You Got to Be Kidding!: The Cultural Arsonist’s Satirical Reading of The Bible
Dr. Joe Wenke
Trans Über LLC
Wenke bills Kidding as a “satirical reading” of the Bible. Yes, his language is snarky and irreverent, but as Anna Russell used to say in her famous take-offs on Wagner’s Ring cycle, “I’m not making this up, you know.” No matter how the fundamentalists want to praise the sanctity of a marriage between one man and one woman, which they claim is borne out by biblical injunction, Wenke points to Solomon’s 700 wives and 300 concubines, noting that while God resented their foreignness, He was cool with the numbers. Wenke takes the reader through Old and New Testaments, wittily and wisely, time after time drawing out the reaction (as in the cherry-picking possibilities of Leviticus and other books),”Oh, really?” Gisele Xtravaganza graces the cover.

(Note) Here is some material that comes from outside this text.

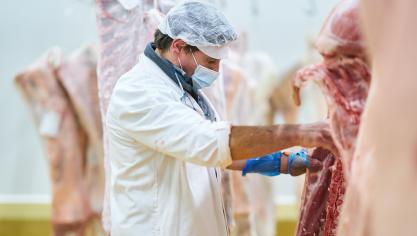 Belgian Meat Office/VLAM, zal opnieuw initiatieven ontwikkelen om de export van varkensvlees naar enkele Zuidoost-Aziatische landen te bevorderen.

Pickle in the Middle Murder: A Shay O’Hanlon Caper
A Renaissance Fair treat turns to murder, murder most foul, committed in a Porta privy. Worse yet, her lover, officer JT Bordeaux, is charged with the killing. The usual gang rallies round to find the real killer–friends Coop and Eddy, hounds Dawg and Bogey–but the atmosphere in Chandler’s third caper is darker and more intense. Corpse Russell Krasski was a child trafficker with an unsettling connection to JT, and while sleuthing, Shay finds evidence that questions JT’s fidelity. Mainstay Rocky drops a bombshell–he is to wed his love Tulip–but that knot is not tied in this installment. Now, with marriage available to all Minnesotans, what might we expect for volume four? Something tasty, no doubt, topped with a pickle–and relish.
Martin Duberman Reader: The Essential Historical, Biographical, and Autobiographical Writings
The New Press
Duberman is the author of many books on many topics, from non-fiction (The Worlds of Lincoln Kirsten; Stonewall; About Time: Exploring the Gay Past) to fiction (Haymarket) and drama (Male Armor: Selected Plays, 1968-1974). The collection covers a lifetime of Duberman’s writings, well known for their historicity and attention to the individual experience, as exemplified here in “The Stonewall Riots.” All of these pieces have been previously published, yet the excerpts are strong enough to stand on their own and illuminate Duberman’s half a century of working for social change in many areas, times he has lived through and observed first hand. Whether you are familiar with or new to Duberman’s writing, this volume provides valuable, insightful reading and will point the way to further exploration.
A Horse Named Sorrow
San Francisco in the 1980s -1990s seems further removed in time than it is in literal years; closer to the massacre at Wounded Knee, one of the novel’s themes, than our present days. Narrator Seamus Blake, twenty-one, meets a newcomer to San Francisco and experiences a rush of hope. Handsome Jimmy Keane, fresh from Buffalo, New York, on his string-bedecked bicycle, may be the love and salvation that Seamus (or “Shame” as Jimmy aptly nicknames him) has been seeking. But like many thousands during that time, Jimmy falls ill and dies after making Seamus promise to “Take me home the way I came.” Seamus sets out on the bike with Jimmy’s ashes in a purple velvet bag on this lyrical odyssey of love and loss.